Your assignment
Nothing below is to be printed except the lines between the line holding "Light Blue Farmhouse" and the line holding "A living room", inclusive, each exactly as it appears.

Exercise data
===============
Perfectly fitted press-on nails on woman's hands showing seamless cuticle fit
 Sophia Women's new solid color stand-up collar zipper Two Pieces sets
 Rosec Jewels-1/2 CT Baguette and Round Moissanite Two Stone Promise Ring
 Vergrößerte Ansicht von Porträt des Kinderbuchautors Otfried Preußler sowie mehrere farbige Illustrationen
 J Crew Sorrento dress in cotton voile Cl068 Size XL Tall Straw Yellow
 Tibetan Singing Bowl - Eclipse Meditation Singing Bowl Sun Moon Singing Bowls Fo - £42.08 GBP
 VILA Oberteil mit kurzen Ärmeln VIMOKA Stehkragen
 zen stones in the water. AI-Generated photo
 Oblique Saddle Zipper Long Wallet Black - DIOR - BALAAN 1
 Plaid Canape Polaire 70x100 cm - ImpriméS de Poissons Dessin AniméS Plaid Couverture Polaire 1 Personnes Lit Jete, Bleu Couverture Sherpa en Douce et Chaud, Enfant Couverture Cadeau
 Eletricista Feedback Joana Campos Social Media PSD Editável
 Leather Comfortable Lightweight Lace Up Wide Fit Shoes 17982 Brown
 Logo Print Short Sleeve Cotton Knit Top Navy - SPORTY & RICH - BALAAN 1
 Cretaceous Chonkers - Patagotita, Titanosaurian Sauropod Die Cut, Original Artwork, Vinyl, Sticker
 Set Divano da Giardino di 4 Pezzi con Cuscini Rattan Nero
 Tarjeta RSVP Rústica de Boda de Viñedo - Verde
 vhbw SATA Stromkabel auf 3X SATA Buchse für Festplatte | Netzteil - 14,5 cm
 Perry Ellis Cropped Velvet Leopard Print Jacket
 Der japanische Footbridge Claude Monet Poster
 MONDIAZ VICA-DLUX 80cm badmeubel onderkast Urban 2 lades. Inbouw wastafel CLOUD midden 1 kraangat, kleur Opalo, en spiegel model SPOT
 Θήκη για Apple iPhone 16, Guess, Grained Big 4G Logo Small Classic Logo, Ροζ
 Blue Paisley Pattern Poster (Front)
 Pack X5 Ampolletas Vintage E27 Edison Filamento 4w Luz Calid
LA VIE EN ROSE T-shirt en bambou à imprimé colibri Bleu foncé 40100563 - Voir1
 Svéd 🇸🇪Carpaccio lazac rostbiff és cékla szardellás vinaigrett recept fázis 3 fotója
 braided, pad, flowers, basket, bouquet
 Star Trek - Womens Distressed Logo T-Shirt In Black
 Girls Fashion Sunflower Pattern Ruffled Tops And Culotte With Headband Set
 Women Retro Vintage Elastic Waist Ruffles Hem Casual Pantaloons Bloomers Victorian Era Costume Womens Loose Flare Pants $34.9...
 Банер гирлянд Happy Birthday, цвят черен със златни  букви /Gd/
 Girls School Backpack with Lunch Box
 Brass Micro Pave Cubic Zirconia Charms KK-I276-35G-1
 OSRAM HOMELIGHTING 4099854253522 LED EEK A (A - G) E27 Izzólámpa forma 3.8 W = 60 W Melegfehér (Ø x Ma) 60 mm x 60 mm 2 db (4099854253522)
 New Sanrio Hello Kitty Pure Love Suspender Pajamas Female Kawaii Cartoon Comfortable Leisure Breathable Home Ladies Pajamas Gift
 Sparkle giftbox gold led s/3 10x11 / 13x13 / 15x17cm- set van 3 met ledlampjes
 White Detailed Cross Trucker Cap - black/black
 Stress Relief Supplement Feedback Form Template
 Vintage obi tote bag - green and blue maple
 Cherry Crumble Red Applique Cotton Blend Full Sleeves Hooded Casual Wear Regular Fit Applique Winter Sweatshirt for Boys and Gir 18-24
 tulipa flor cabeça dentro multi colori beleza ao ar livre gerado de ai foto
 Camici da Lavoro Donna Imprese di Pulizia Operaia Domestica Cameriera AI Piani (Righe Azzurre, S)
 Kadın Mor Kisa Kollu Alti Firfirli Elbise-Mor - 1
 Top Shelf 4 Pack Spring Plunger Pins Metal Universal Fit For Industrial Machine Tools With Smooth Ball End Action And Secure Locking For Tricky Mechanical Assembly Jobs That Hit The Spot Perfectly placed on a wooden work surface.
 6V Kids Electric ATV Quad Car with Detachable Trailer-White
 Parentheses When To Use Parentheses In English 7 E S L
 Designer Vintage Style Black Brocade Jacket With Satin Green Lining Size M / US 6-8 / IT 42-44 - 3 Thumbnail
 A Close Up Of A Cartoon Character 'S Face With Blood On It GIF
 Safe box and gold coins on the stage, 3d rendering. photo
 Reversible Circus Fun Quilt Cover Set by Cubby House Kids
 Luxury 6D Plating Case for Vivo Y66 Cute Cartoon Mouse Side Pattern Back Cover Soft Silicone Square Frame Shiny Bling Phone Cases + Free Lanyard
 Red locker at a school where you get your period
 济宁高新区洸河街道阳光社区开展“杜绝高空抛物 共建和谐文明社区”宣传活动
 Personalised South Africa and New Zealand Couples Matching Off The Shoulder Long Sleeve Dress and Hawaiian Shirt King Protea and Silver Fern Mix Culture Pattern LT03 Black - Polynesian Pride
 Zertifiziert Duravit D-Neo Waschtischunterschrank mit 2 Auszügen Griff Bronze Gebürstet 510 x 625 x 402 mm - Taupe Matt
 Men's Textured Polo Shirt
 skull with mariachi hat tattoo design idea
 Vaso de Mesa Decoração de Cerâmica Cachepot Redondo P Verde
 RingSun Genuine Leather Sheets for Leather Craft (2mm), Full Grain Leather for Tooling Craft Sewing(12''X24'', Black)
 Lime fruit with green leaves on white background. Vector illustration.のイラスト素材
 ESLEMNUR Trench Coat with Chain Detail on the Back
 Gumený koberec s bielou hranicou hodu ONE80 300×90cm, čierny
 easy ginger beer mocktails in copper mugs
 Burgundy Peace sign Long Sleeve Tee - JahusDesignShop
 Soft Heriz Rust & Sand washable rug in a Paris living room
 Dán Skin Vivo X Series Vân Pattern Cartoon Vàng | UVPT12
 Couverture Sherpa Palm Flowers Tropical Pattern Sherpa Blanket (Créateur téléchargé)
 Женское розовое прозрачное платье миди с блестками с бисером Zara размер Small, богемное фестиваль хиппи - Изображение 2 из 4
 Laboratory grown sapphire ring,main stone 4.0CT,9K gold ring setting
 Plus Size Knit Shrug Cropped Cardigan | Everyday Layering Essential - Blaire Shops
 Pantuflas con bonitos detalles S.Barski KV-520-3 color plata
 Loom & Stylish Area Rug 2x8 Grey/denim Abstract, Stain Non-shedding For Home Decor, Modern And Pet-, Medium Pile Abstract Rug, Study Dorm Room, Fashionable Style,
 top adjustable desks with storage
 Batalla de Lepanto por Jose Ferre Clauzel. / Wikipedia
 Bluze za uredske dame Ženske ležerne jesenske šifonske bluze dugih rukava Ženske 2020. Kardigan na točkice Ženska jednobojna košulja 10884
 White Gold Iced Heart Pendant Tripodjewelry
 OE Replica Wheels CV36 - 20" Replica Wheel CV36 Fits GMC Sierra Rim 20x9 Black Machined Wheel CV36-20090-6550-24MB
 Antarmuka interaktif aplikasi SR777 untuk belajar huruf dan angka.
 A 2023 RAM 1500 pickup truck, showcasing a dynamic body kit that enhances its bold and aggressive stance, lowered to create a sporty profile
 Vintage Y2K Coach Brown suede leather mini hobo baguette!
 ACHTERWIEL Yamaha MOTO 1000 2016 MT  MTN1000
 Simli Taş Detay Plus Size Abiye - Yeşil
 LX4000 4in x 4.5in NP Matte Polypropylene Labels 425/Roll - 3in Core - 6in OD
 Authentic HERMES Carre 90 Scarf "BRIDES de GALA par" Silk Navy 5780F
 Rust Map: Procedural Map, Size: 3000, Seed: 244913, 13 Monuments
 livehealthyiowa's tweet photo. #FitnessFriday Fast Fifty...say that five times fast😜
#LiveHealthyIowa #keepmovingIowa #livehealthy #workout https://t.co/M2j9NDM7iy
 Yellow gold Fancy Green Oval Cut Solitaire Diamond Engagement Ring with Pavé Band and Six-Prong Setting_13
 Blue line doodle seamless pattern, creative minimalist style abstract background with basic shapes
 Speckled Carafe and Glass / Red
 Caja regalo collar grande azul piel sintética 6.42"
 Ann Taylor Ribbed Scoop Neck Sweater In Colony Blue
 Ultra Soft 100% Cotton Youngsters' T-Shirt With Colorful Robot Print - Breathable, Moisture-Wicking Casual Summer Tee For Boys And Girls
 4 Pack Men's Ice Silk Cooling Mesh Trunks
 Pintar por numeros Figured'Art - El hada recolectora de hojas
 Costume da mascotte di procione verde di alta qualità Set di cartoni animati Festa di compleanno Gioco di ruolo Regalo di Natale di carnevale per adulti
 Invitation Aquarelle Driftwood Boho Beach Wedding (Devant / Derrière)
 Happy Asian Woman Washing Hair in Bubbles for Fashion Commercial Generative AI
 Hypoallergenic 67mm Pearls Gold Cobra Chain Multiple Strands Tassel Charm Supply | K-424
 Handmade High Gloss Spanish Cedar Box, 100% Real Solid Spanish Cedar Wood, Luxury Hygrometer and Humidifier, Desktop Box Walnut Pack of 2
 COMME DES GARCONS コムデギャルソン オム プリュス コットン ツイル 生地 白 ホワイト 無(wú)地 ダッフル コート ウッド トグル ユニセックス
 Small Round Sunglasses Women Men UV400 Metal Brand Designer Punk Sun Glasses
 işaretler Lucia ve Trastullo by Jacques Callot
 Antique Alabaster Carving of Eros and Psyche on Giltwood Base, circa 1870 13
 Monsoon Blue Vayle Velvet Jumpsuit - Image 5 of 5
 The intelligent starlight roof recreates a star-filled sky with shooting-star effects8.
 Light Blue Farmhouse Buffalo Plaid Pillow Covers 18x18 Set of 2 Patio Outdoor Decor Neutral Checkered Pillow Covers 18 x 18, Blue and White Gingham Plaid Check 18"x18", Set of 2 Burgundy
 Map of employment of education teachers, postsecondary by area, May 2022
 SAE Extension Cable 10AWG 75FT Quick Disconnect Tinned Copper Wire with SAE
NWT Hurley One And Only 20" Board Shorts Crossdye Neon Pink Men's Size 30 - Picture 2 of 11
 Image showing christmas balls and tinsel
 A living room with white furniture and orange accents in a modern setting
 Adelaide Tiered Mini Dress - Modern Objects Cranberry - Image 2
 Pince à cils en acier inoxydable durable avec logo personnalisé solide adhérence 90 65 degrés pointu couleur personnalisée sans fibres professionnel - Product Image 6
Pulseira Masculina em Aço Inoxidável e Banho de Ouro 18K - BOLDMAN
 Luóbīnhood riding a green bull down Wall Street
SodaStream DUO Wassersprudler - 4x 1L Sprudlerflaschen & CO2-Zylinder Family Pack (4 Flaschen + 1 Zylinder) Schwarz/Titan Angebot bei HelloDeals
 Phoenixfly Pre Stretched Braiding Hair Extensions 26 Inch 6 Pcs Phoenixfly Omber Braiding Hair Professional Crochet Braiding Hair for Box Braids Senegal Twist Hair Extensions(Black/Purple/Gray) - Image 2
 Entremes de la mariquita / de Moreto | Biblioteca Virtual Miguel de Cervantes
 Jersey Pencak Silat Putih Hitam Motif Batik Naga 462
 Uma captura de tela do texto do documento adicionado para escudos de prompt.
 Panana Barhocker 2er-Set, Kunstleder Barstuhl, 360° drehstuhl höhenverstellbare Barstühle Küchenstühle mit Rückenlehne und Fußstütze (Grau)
===============
Task answer
 Light Blue Farmhouse Buffalo Plaid Pillow Covers 18x18 Set of 2 Patio Outdoor Decor Neutral Checkered Pillow Covers 18 x 18, Blue and White Gingham Plaid Check 18"x18", Set of 2 Burgundy
 Map of employment of education teachers, postsecondary by area, May 2022
 SAE Extension Cable 10AWG 75FT Quick Disconnect Tinned Copper Wire with SAE
NWT Hurley One And Only 20" Board Shorts Crossdye Neon Pink Men's Size 30 - Picture 2 of 11
 Image showing christmas balls and tinsel
 A living room with white furniture and orange accents in a modern setting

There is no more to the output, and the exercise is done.